I'll PM some comments to you all about my original post as i'd like to shift this excellent and thought-provoking thread back onto topic.  In a way i'm glad to have been a little contentious but i don't want to distract from what i'm sure will be a very useful thread for newcomers to look at.  
Incidentally - any chance of one of the photography bods writing an article/sticky on tank photography.  I've looked at the IAPLC guidance but not found it "idiots guide" enough!  A bit of info about post-processing and the options available (again, PS is very expensive- are there any free options that work in a similar way, how to get the best out of the package etc) would be really handy.  When i finally get my camera i'm going to attempt a photo (rather than a tank) journal to hopefully show a progression and tap all your lovely minds for hints and tips!
Thanks folks,
Matt


----------



## ceg4048 (19 May 2011)

bigmatt said:
			
		

> ...(again, PS is very expensive- are there any free options that work in a similar way, how to get the best out of the package etc)..


Hi Matt,
           Yeah The Gimp originally developed as a Linux clone of Photoshop has been ported to Windows, is free, and does probably 95% of what Photoshop does.

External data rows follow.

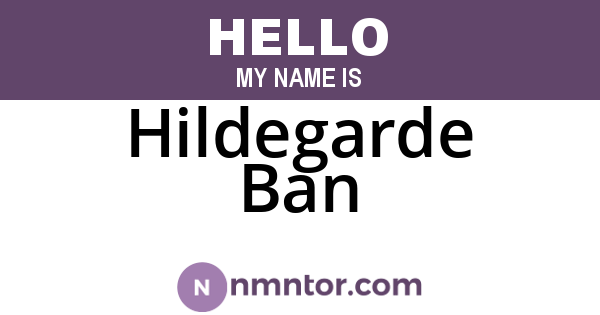 Hildegarde Ban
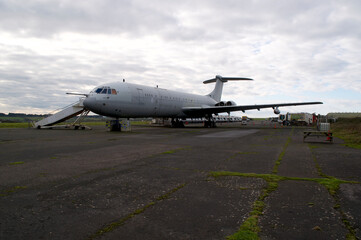 Fototapeta na wymiar 1967 Vickers VC10 aerial tanker and aircraft refueler RAF Newquay Cornwall England UK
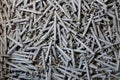 Dowel. Wall anchors. Royalty Free Stock Photo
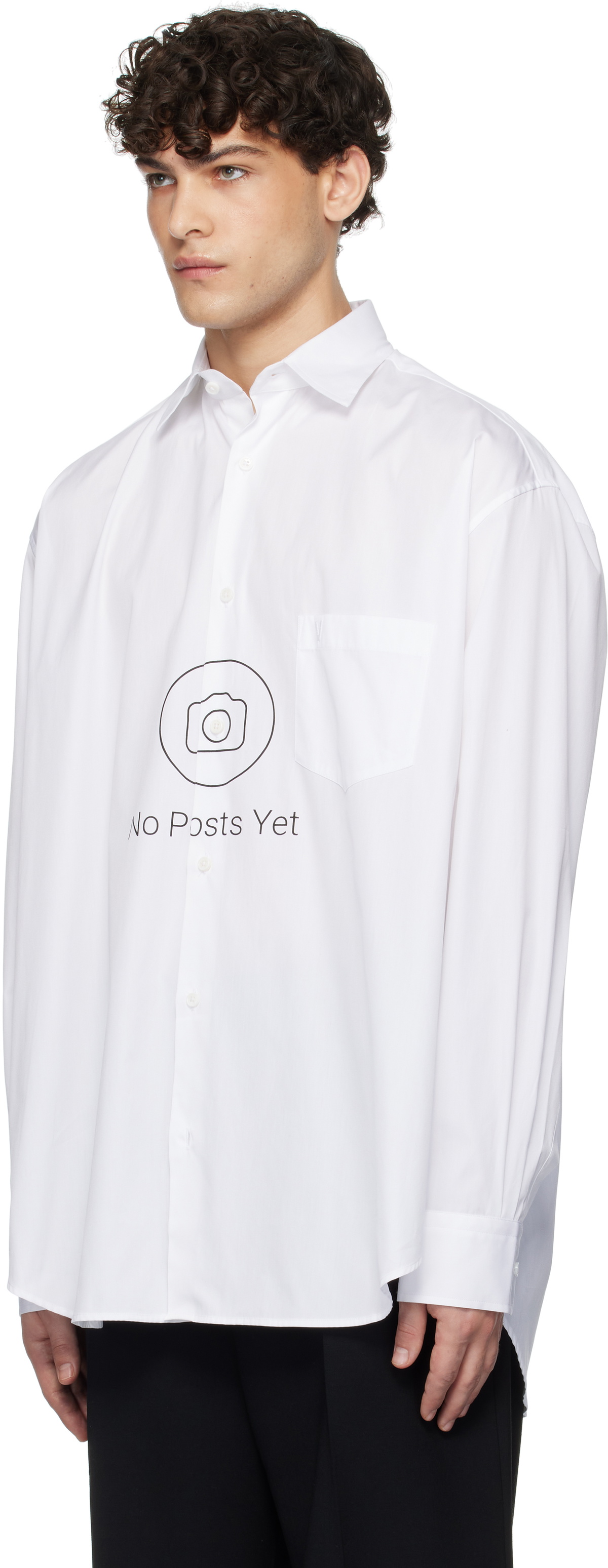 VETEMENTS White 'No Posts' Classic Shirt Vetements
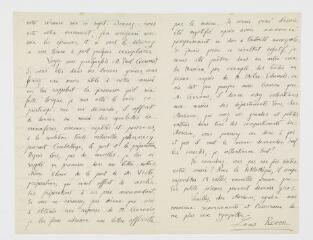 Louis Revon, conservateur du musée d'Annecy : cinq lettres autographes (10 janvier et 13 février 1863, 12 janvier 1867, 15 mars 1872, 23 septembre 1878).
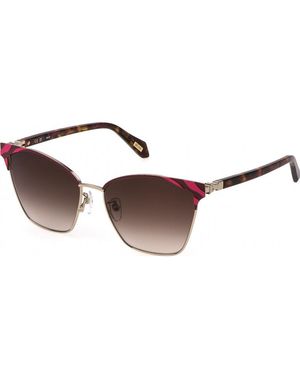 Just Cavalli Sjc093 58 0492 Sunglasses - Brown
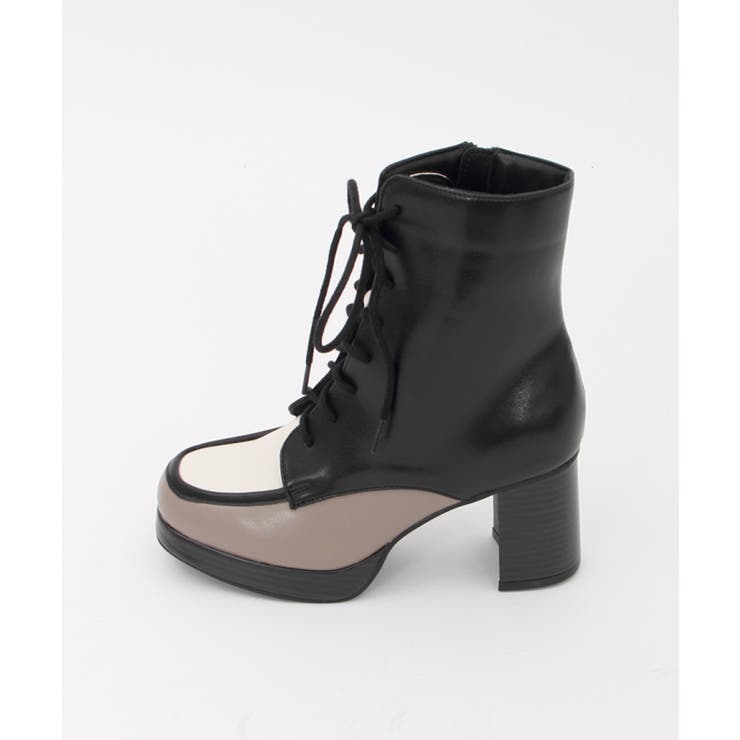 配色レースアップブーツ[品番：IGAW0002484]｜axes femme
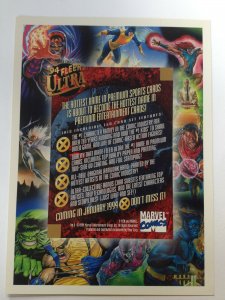 Fleer Ultra Marvel Super Hero Promo Card Sheet X-Men Premiere Edition 1994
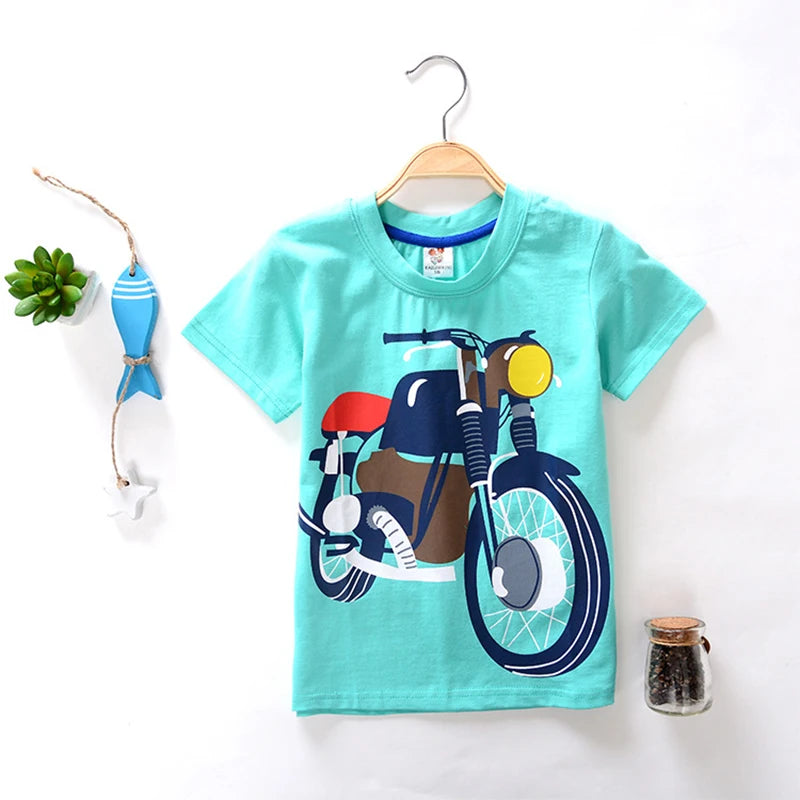 Baby Boy T-Shirts For Children Clothing Summer Clothes Boys Short Sleeve Shirt Print Cotton Kids Tee Shirt Tops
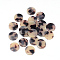 Cellulose Acetate(Resin) Pendants, Flat Round, Antique White, 9.5~10x9.5~10x2.5mm, Hole: 1.5mm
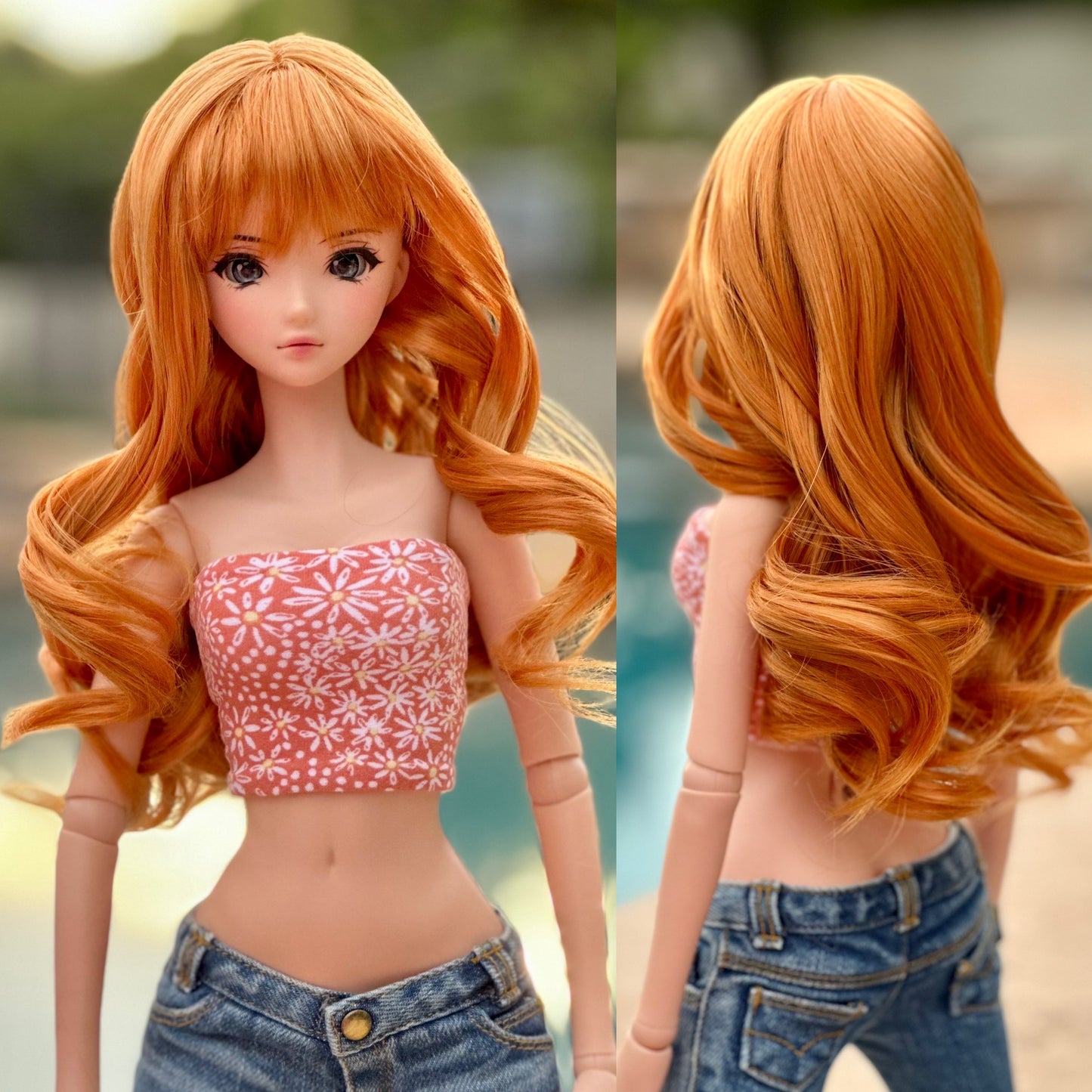 Chic Size 21.5cm Wig “Autumn Whisper”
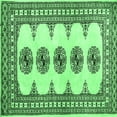 thumbnail image 1 of Ahgly Company Indoor Square Persian Emerald Green Traditional Area Rugs, 5' Square, 1 of 4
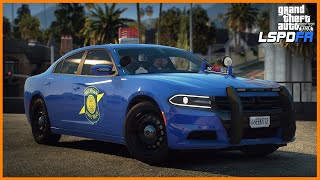 GTA 5 LSPDFR - Michigan State Police Natural Vision Evolved Graphics Mod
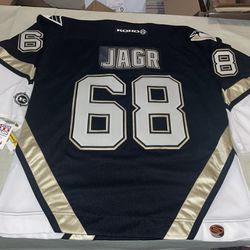 Nwt Jaromir Jagr Pittsburgh Penguins Koho Jersey Mens Xl Black Mic 90s Vintage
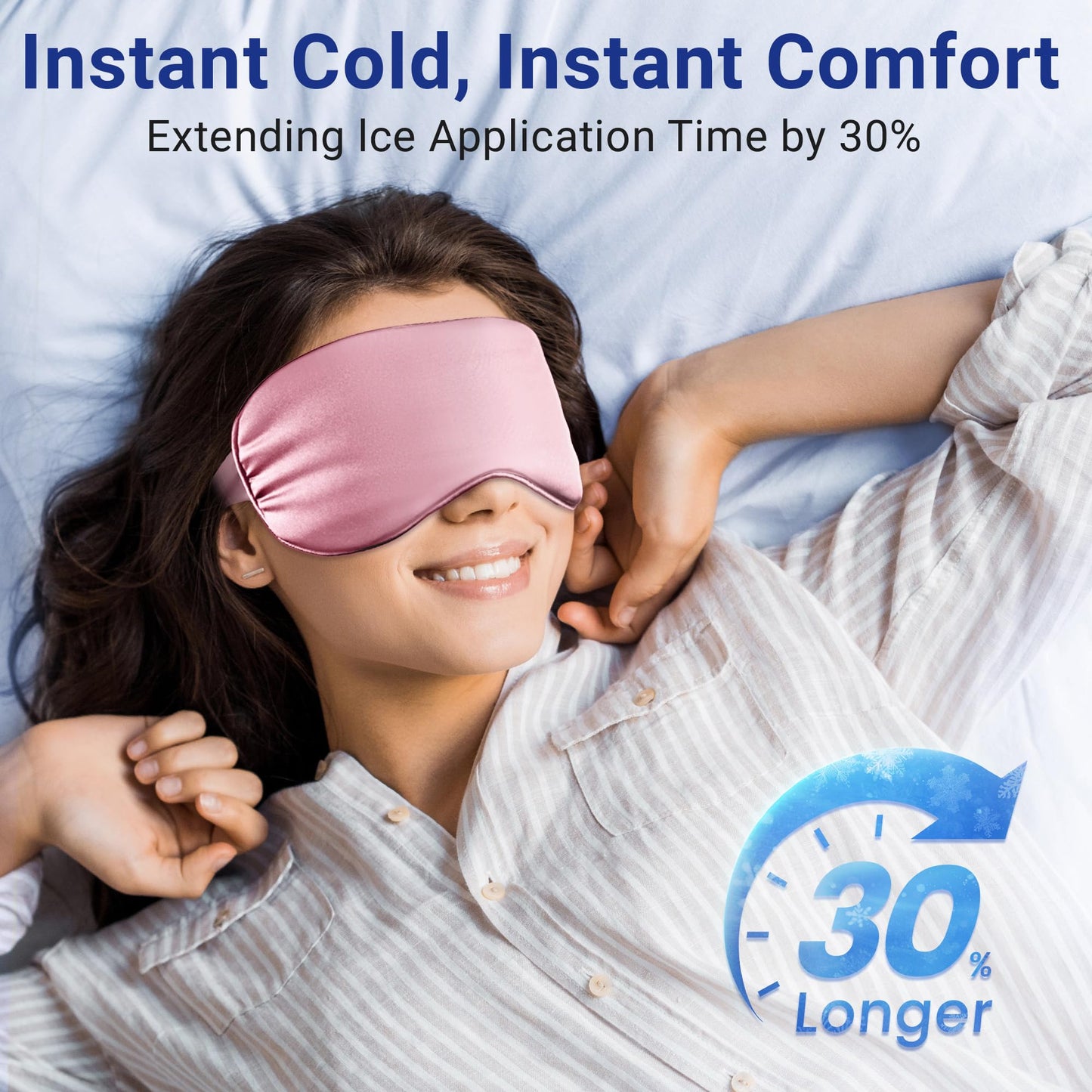 Cooling Eye Mask for Puffy Eyes: Fsa Eligible Items Hsa, Migraines Headache Fast Relief After Surgery Care Cold Compress, Reusable Face Ice Pack Gel Sleep Mask for Dark Circles, Relaxing Gifts(Purple)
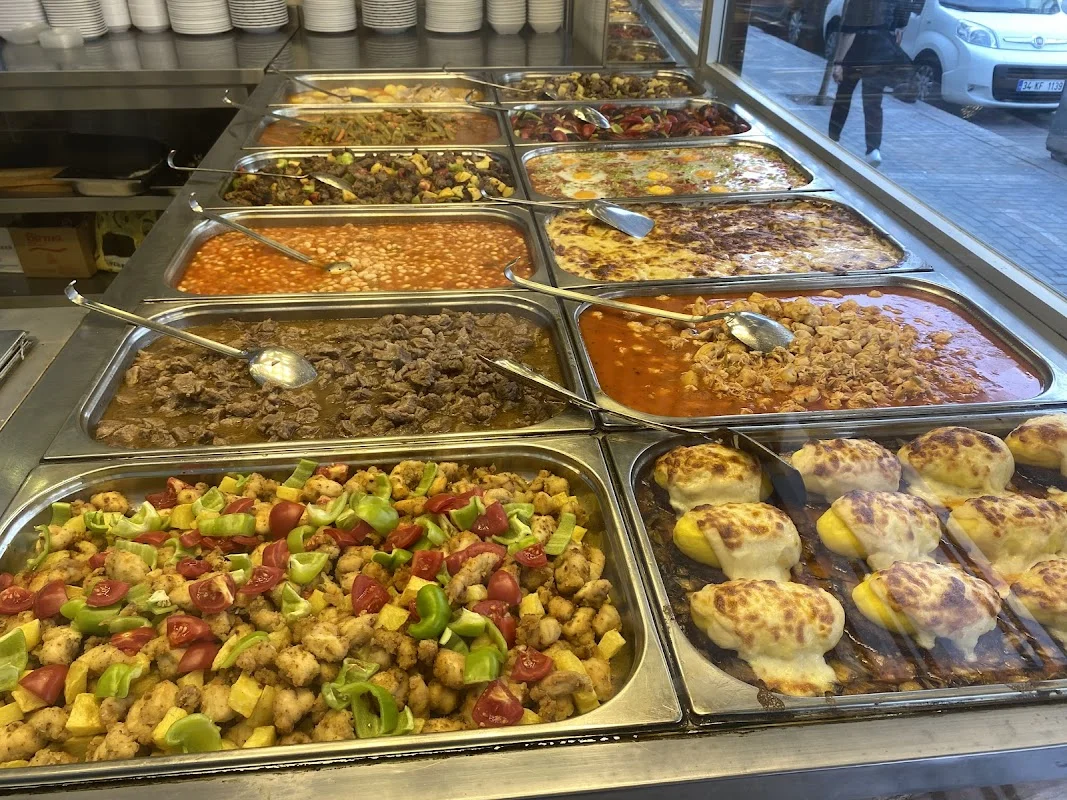 Enfes gurme self servis yemek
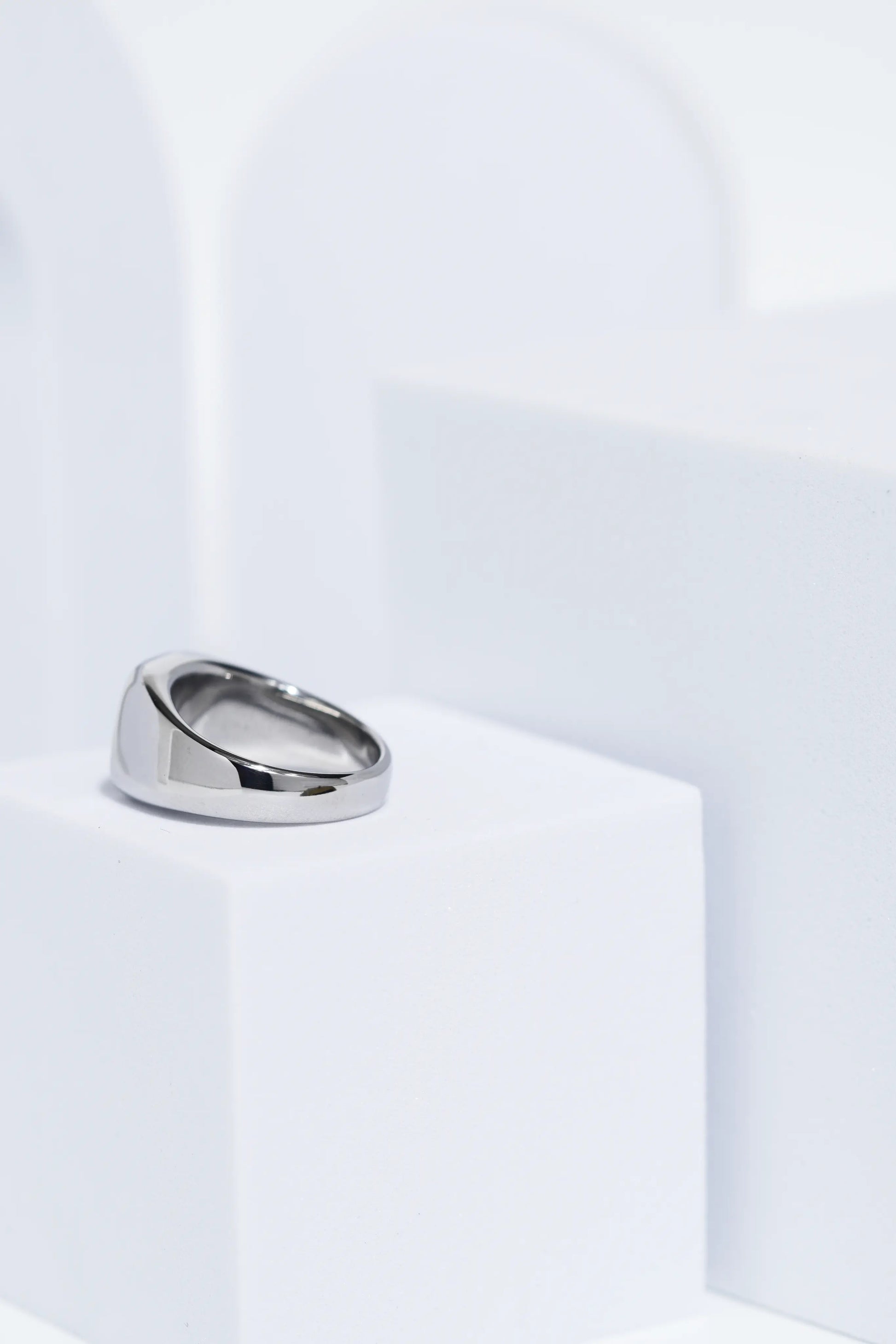 Black Diamond Silver Minimalistic Stainless Steel Ring For Men. worldjewel.in men's ring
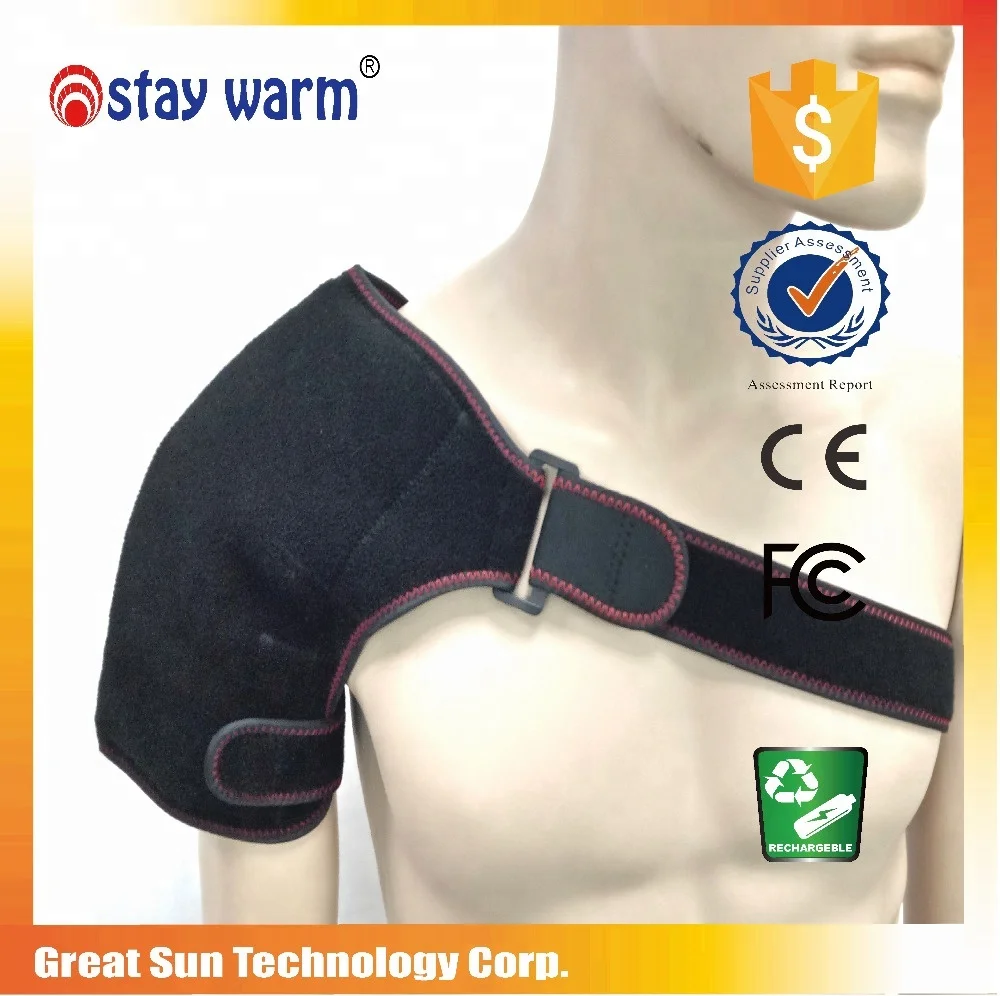 Medical Health Care Heated Shoulder Support wrap Far Infrared Shoulder Heating Pad
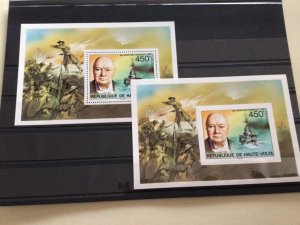 Sir Winston Churchill Upper Volta  mint never hinged stamps A13479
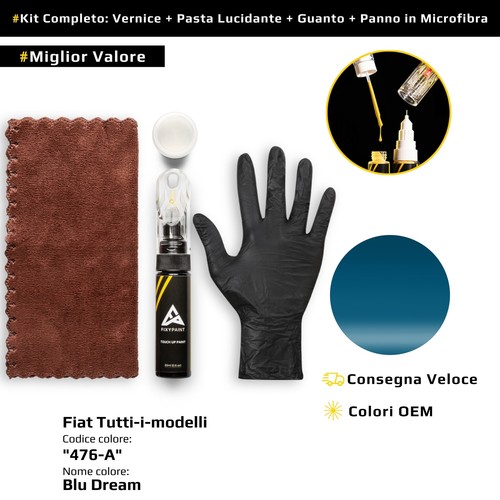 Vernice ritocco per fiat - vernice,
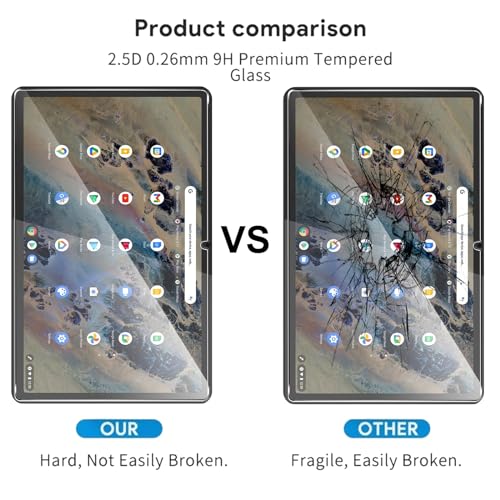 GEJEFA Screen Protector for Lenovo Chromebook Duet 3 11 Inch, 2 Pack 9H Hardness Anti-Scratch [High Definition][Bubble Free] Tempered Glass Screen Protector Lenovo Chromebook Duet 3 by GEJEFA - Used condition - Image 5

As mentioned before better gear allows you to get better expression, but it can't make you a better photographer. One of the most recognize and legendary photographer was Ansel Adams who use nothing more than a virtually 19th century wooden box camera with a hole in it for the lens and a pack mule to carry the gear around. His photos of Yosemite and other landscapes are unmatched and even with super fantastic gear we have almost 100 years later, no one has been able to match his work. What low tech gear he had, he understood at a transcendental level. But even Ansel started at the beginning as must we all.  

Cheers,


----------



## sanj (20 May 2011)

I am not convinced that photography always presents a true picture of what many of the tanks you see in magazines are actually like to the human eye. Professionally these tanks are set up with various photogarphy enhancing props such as flashes, additional lighting, white reflecting boards etc. It enhances and sometimes even exaggerates the scape, but is it really what one would see in person.

I think it is useful in aquascaping especially when capturing evolution of a scape, but each individual has their own motivations and photogaphy can play a small part or even be the reason one takes up aquascaping.


----------



## Morgan Freeman (22 May 2011)

Photography shouldn't represent a true picture of the image, it should enhance it and turn it into a piece of art. Obviously it's important to take photos to a high enough standard so as not to take away from your scape but over and above this level and you're not just showing off your scape but your skills in creating an extra dimension in aesthetic quality. If we were merely trying to show off our scapes we'd keep the lights the same, no fancy backgrounds, no hairdryers on the water's surface and so on.


----------



## George Farmer (23 May 2011)

Morgan Freeman said:
			
		

> Photography shouldn't represent a true picture of the image, it should enhance it and turn it into a piece of art.


I don't think _all_ photography should be turned into art, and there many cases for some photographs to accurately represent the subject as closely as possible.

However, if you put the word, "Aquascape" before "Photography" in your statement...


----------